Task instructions ->
Retype the whole listing, please, keeping every line exact and dropping the pictures.
--- Supplied data Enclosed Below ---
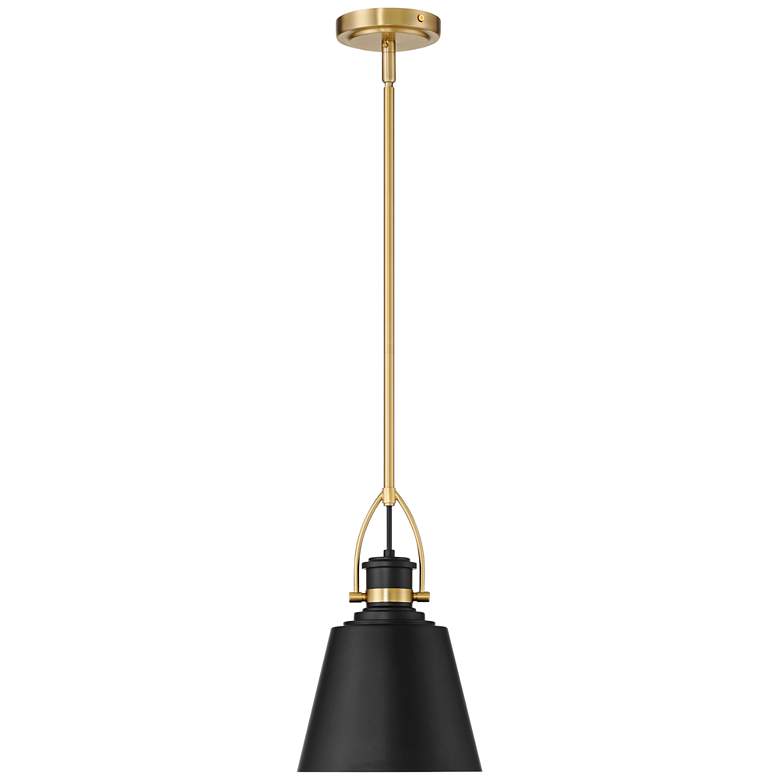 Image 6 Possini Euro West 8"W Matte Black and Sand Gold Mini Pendant more views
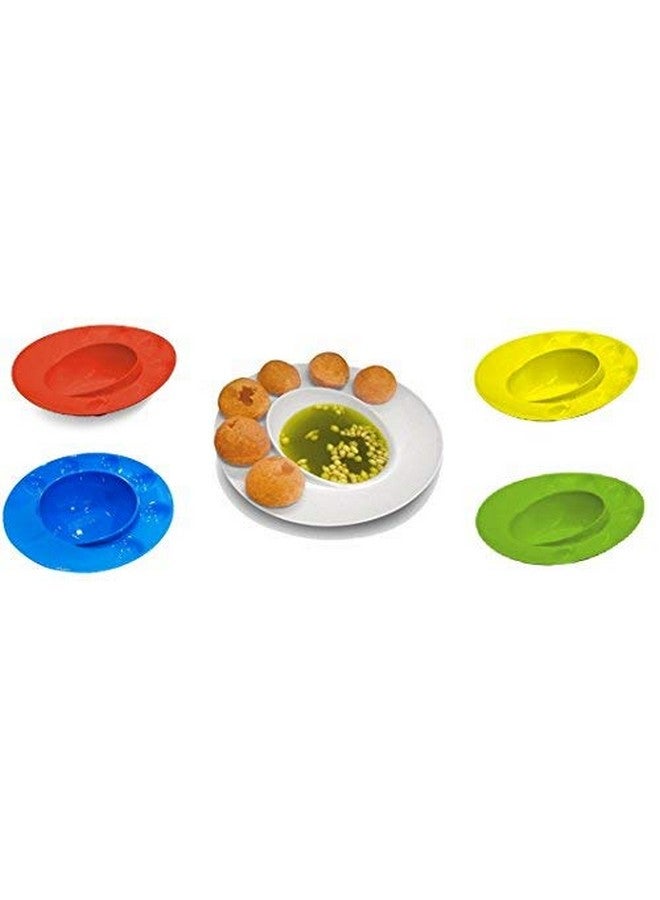 Inditradition Panipuri Gol-Gappe Serving Plates, Food-Grade Plastic Plates (Pack Of 4, Assorted Color) - Image 2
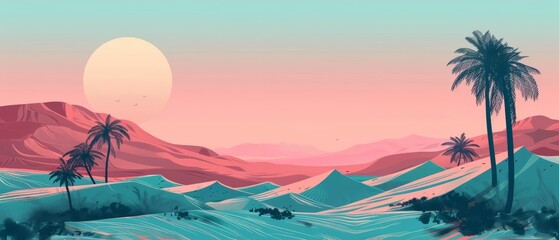 Amazing landscape view of Oasis, evoking a serene desert mirage in retro color, banner template sharpen with copy space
--- End of Enclosed Supplied data ---
Response ->
 Image 6 Possini Euro West 8"W Matte Black and Sand Gold Mini Pendant more views
 Inditradition Panipuri Gol-Gappe Serving Plates, Food-Grade Plastic Plates (Pack Of 4, Assorted Color) - Image 2
 Amazing landscape view of Oasis, evoking a serene desert mirage in retro color, banner template sharpen with copy space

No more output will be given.